Does your Facebook ads statistics puzzle you? Are you worried if you are reading Facebook Ads statistics the right way? This is something that you should monitor closely while running your Facebook ads. A lot of beginners are totally clueless when these numbers pop up. Even if they are aware of these numbers, they don’t know to interpret the number analytics and how to arrive at these numbers.
One of the crucial components is ROAS (Return on Ad Spends) which determines if the Ads are worth the spending. ROAS is a common question raised by many till date because they do not have a thorough understanding of ROAS and try to find out the methods of calculating the ROAS, for their campaigns for their Shopify stores.
Do you wish to know what these numbers actually mean and its implications? Check out this video to access my actual running Facebook account. You can also set up your account in such a way to read and analyze your Facebook ads numbers in a much better way.
Reading my Facebook Ads account Statistics
Nail Gel Product
These numbers can be overwhelming for a beginner. So, let us proceed with a root cause analysis and decipher what these figures actually mean.
Setting up the Columns
On the right-hand side you will see “Columns” with the name “Main”. Your columns will not have “Main” as the name but “Performance” by default. Click Customize Columns that will open up a pop-up window to display all the columns that are available.
Facebook tracks all activities on your website, ads and shows all these data. You need not have to know or track all these data. You only need a few columns and in a particular order for better readability.
The first column should be “Campaign Name”, the second column should be “Delivery” and so on as shown above in the figure (Columns Selected). If you remove the check in any column attribute that shows below the Search, the same disappears in the “Columns Selected”. To bring it back to the Columns Selected section, check the attribute.
You can drag and drop any column attribute (for e.g. Delivery) and release it to display it in the place you want. Say, below the Campaign Name.
If you need to add more columns, use the Search field.

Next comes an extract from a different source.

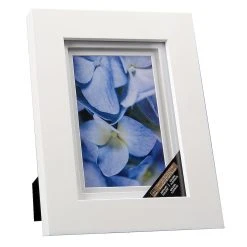 Best deal π White Gallery Frame with Double Mat by Studio Décor® by Studio Decor βοΈ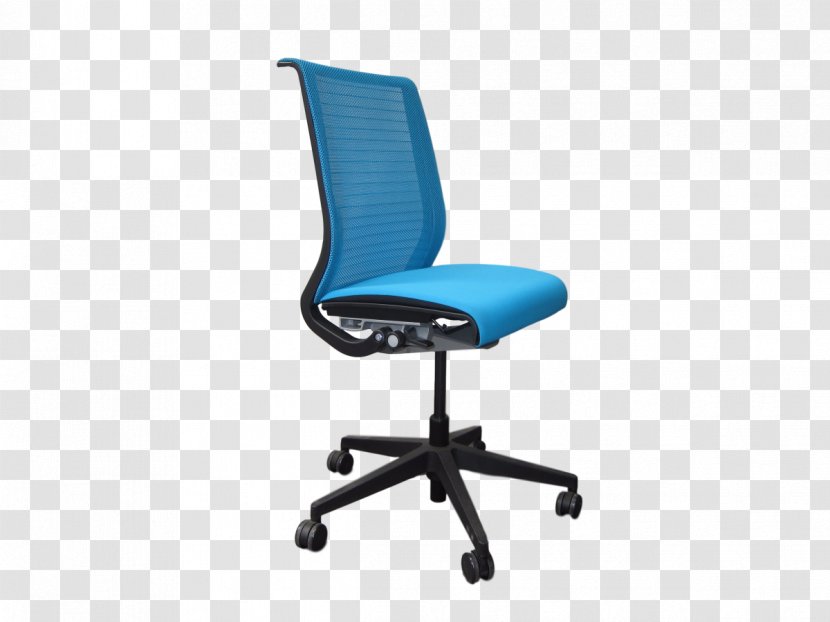 Office & Desk Chairs Furniture Seat - Armrest - Fauteuil Transparent PNG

Set up the columns click on Save as Preset and give it a name as “Main” or “Primary” or any name that you wish to. Click Apply.
In the future if you reload the page all you need to do is click on the preset Column Name; in our case it is “MAIN” as shown below. All the columns will be shown on the console and the data corresponding to your ad sets and Campaigns will be displayed to enhance the readability.
Definitions
Website Purchases
The number of purchases occurred driven by a particular campaign is displayed here. The amount spent for the Ad Set budget is shown in the Amount Spent column.
If I click on the campaign, the columns remain the same but the data related to the Ad set for this campaign will display. I can sort the results by clicking on the column header.
Website Purchases Conversion
This is the total amount of revenue generated using the ads inside a particular campaign.
Cost per Website Purchase
This indicates the cost per conversion while running Facebook ads for conversion.
ROAS
ROAS is the returns on ads spent.
Website Adds to Cart
The number of ads to Cart happening because of a campaign
Ad Set Data
If you go inside the campaign and go to the ad set level then you’ll see the same stats for particular ad sets and the data should be related to the ad set level.
Unique Outbound clicks
This component is important when you’re looking at the first sales chart according to my FB Ads Stage #2 method
CPM
Cost per 1000 impressions
Note: When you are analyzing the First Sales Chart, “Website Adds to Cart”, “Unique Outbound clicks” and ROAS metrics play a very important part in analyzing the FB ads data.
Beginners’ Challenges
A lot of beginners face issues interpreting this data and they end up spending more on Facebook Ads. They are not even able to find out if they are getting purchases, if the ROAS is positive and all these issues put together lead to a loss making Store.
Conclusion
This is all the data that you need to be looking at and setup the columns in the way I just showed you to get you going.